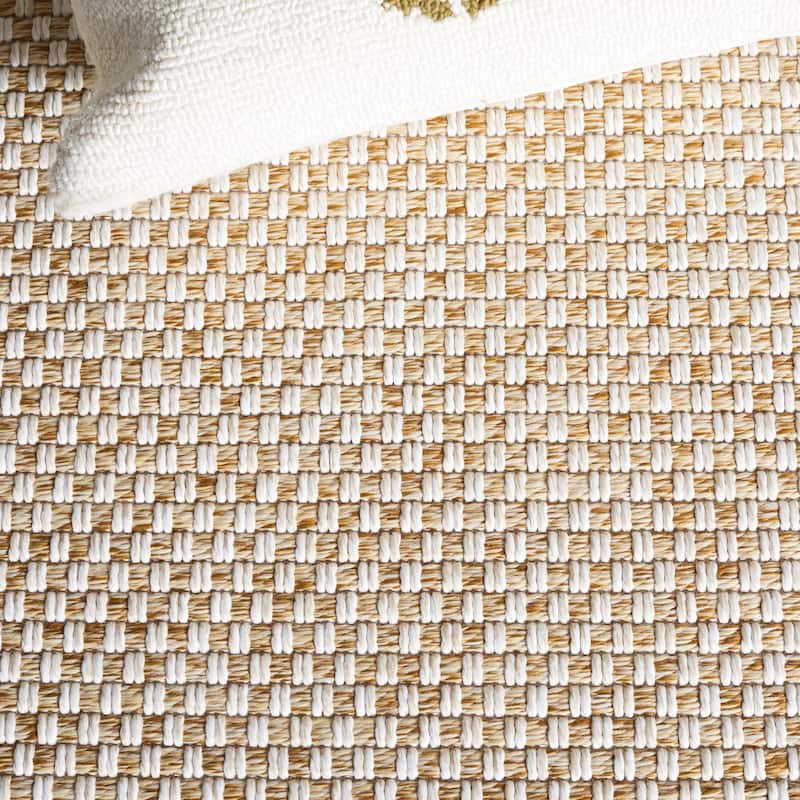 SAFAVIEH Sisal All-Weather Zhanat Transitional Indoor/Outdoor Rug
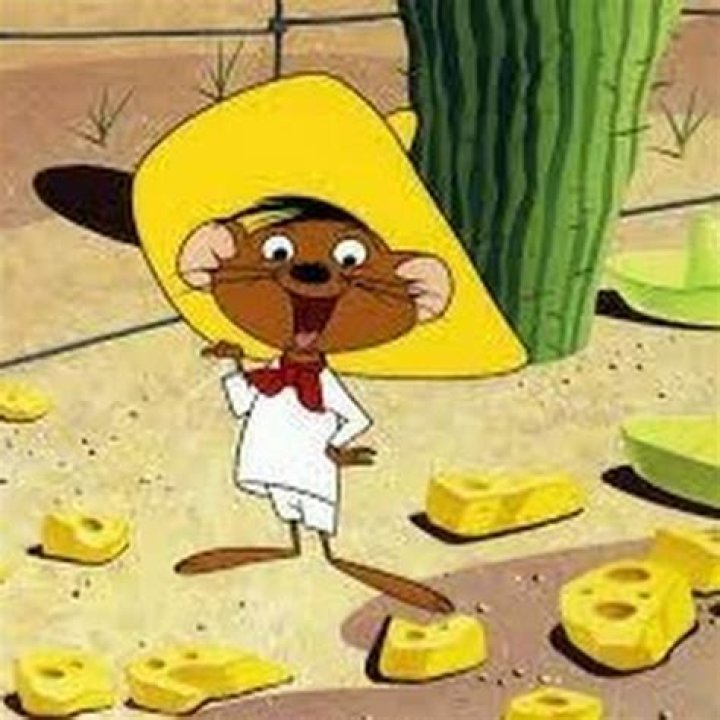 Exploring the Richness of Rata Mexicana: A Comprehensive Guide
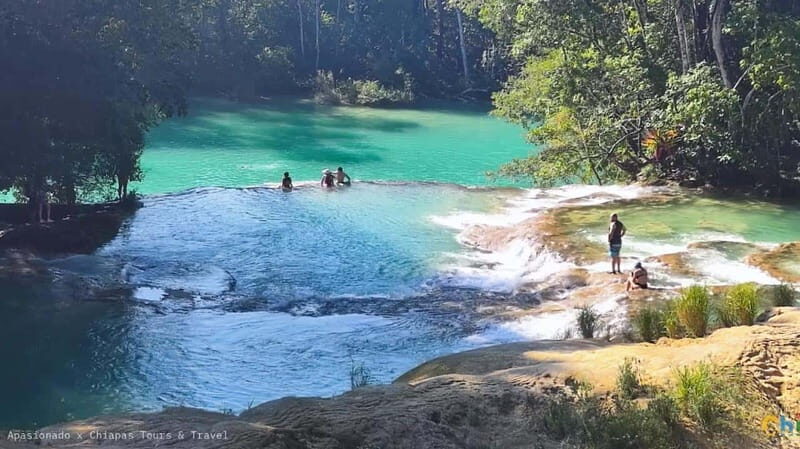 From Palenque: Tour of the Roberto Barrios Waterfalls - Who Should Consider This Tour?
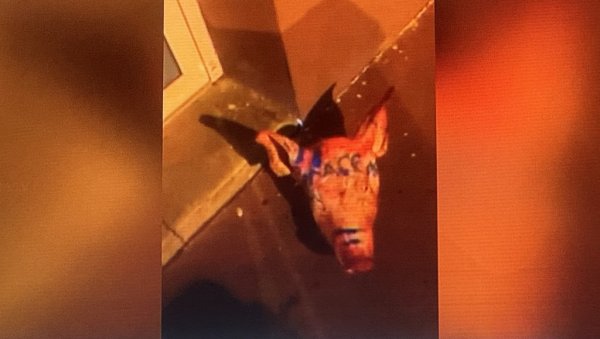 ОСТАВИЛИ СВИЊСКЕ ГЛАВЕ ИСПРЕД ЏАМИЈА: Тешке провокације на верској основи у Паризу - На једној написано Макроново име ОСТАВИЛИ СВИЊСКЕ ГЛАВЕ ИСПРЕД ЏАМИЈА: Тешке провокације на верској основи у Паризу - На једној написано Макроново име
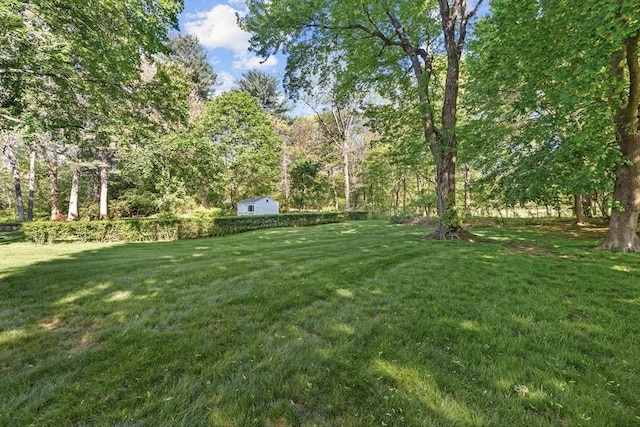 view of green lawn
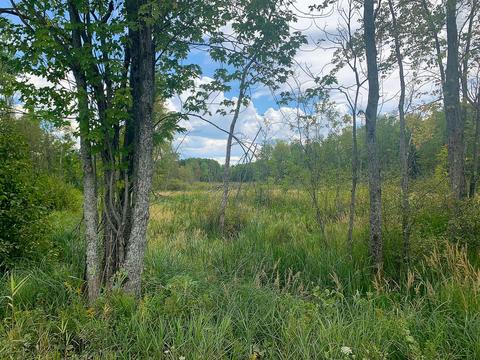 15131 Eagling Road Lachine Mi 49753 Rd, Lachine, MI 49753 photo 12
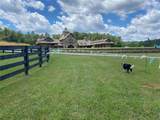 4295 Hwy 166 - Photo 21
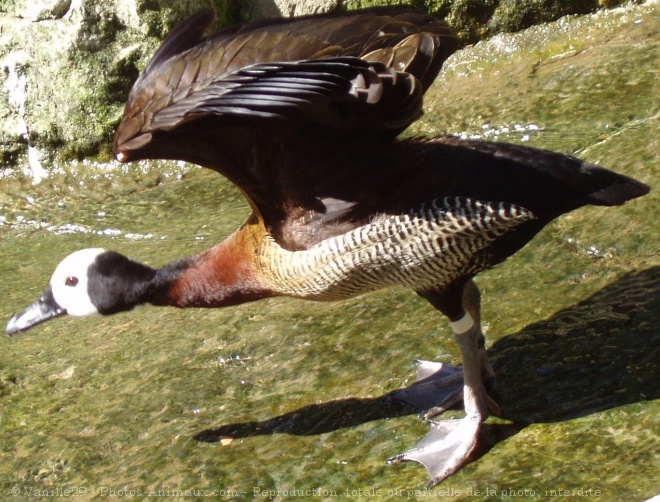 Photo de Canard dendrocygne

# # # #

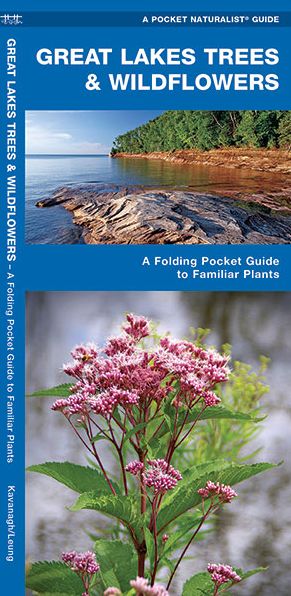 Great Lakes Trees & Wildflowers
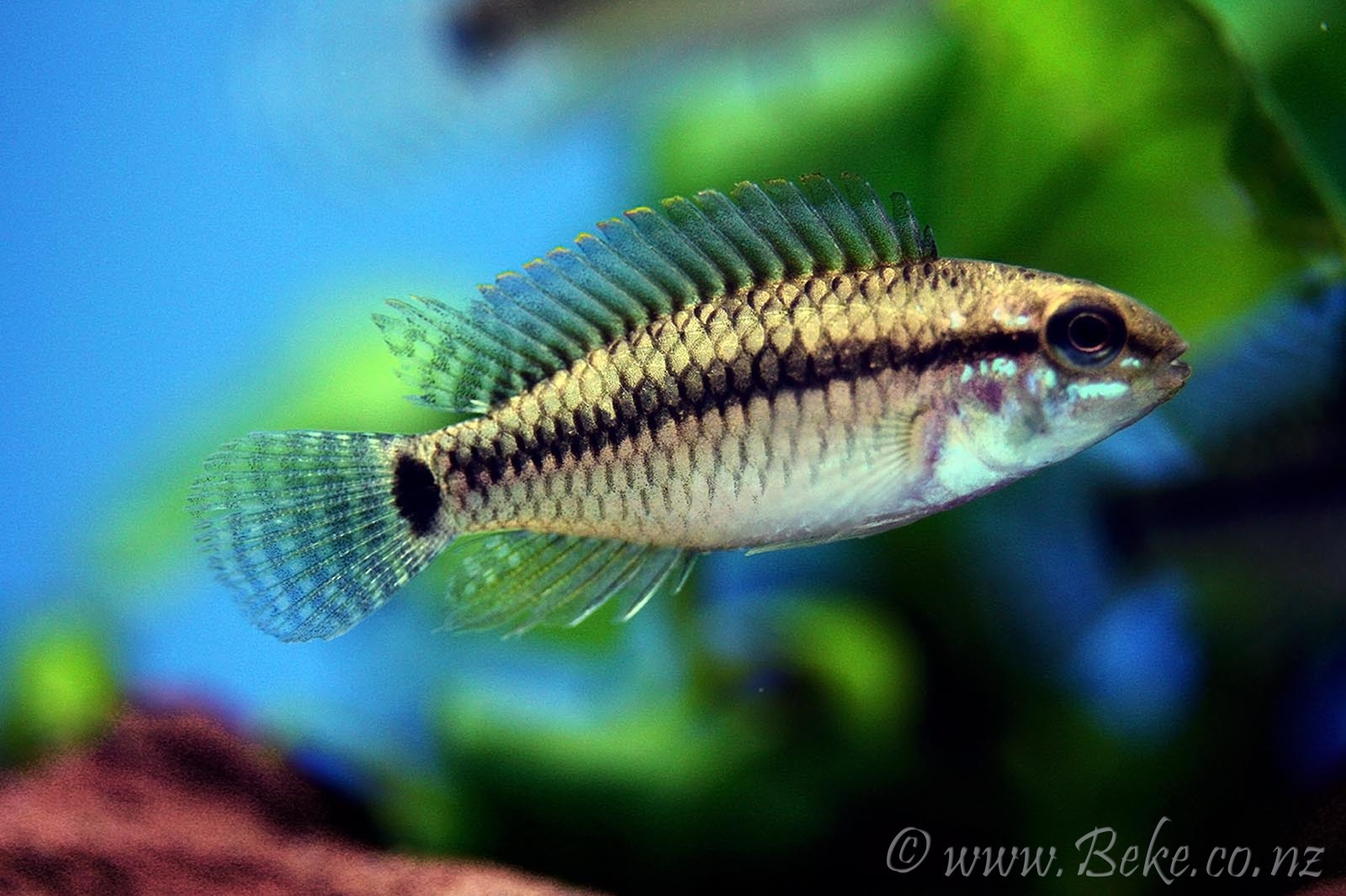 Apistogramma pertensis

# # # #

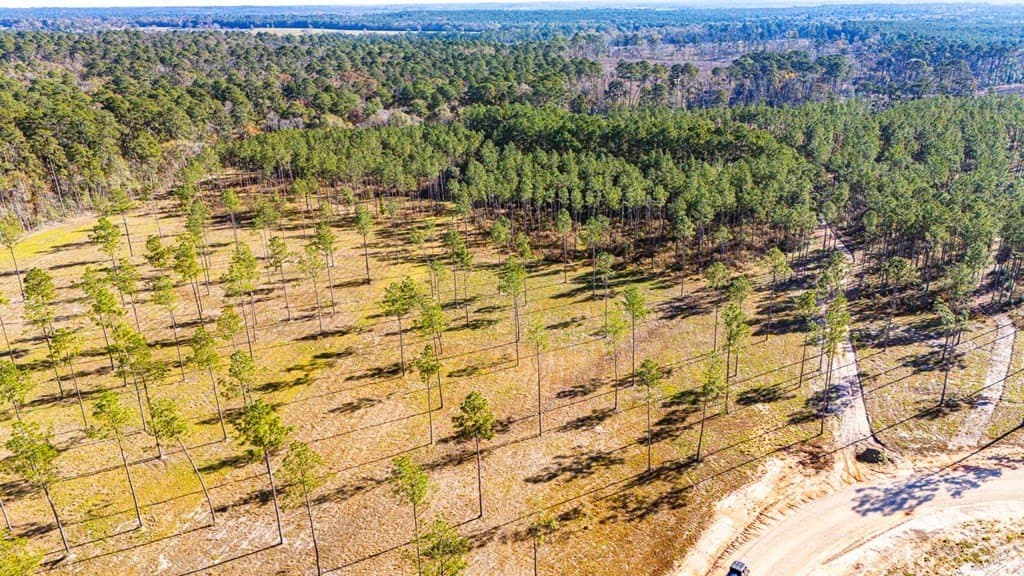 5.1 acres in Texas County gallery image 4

# # # #

AIM OF THE EXERCISE: Taking the records above, print only and exactly the lines from the line with "SAFAVIEH Sisal All-Weather" to the line with "From Palenque: Tour", both kept, and exclude pictures.

WRITTEN SOLUTION:
 SAFAVIEH Sisal All-Weather Zhanat Transitional Indoor/Outdoor Rug
 Exploring the Richness of Rata Mexicana: A Comprehensive Guide
 From Palenque: Tour of the Roberto Barrios Waterfalls - Who Should Consider This Tour?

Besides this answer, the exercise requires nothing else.